Lifestyle and getting pregnant
Once, I was in the car, travelling with friends through the lovely landscapes of southern France. Most of them were highly educated women, singles over 30, ambitiously pursuing their careers and moving from one country to another with each new job…and all with a vague idea of changing their lifestyle some day – settling down, getting pregnant, and having a family.
As I happened to be the only one working in the cellular biology field, soon many questions were turned to me, and I found myself struggling to answer some really hard ones:
What does my lifestyle have to do with biological clock?
Can’t science do something about that?
Maybe medicine in five or ten years will be able to change it?
My dear friends were (like myself once) so used to the fact that modern medicine saves lives and performs miracles where it once seemed impossible, that they refused to even consider the possibility that there might be things in Heaven and on Earth that a human hand could not change.
From their questions, I first learned that many were not aware of the fact that women are already born with ALL the eggs they will ever have. This pool of eggs (ovarian reserve) becomes activated with the first menarche, continues for the next 20–30 years (individually set) and then runs out.
This is very different from the situation in men, where sperm cells are fully renewed every couple of months.

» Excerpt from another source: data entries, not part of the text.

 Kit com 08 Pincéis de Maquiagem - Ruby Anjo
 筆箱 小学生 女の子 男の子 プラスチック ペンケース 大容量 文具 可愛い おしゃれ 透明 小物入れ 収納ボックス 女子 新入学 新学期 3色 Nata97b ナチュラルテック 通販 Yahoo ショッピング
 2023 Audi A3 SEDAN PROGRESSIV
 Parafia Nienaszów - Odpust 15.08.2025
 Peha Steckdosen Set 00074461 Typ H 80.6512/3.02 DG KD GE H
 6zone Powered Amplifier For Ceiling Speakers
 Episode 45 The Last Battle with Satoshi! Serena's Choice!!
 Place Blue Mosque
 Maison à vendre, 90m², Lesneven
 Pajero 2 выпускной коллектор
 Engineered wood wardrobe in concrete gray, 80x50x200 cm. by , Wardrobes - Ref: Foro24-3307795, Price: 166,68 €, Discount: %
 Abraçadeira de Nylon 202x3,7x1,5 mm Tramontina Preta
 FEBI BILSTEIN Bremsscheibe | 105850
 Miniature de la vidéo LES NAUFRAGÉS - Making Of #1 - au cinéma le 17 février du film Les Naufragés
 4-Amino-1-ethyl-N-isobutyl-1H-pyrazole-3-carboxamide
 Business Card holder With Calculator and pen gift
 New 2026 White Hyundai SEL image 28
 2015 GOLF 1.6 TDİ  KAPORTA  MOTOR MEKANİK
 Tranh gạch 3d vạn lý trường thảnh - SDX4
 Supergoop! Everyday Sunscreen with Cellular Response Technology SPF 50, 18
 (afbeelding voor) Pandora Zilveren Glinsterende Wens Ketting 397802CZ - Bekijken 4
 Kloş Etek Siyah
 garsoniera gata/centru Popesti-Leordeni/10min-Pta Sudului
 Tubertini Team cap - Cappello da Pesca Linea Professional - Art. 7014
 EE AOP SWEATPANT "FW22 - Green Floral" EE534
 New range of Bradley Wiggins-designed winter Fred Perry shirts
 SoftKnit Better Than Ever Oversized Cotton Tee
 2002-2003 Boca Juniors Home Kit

Having heard this, one friend (also in her early 30s) commented that she only recently became aware that women have something as weird as eggs and actually sees something undignified in that fact (and this being on a level that has nothing to with this topic, I must add, I agree with her).
Relating our lifestyle to getting pregnant can be a hard story to tell.
How can she activate and refresh her decades-old ovarian reserve? How to improve egg quality?
Why is it that freezing and thawing works so well for sperm, but not for the eggs?
What is FSH and what are FSH levels indicating? What are the symptoms of menopause?
As much as the explanations were making sense, still I felt that some of my friends were holding onto hope that a proper medical procedure will be invented soon to enable us to get pregnant after age 35, or whenever we decide to, and this funny conversation will become redundant.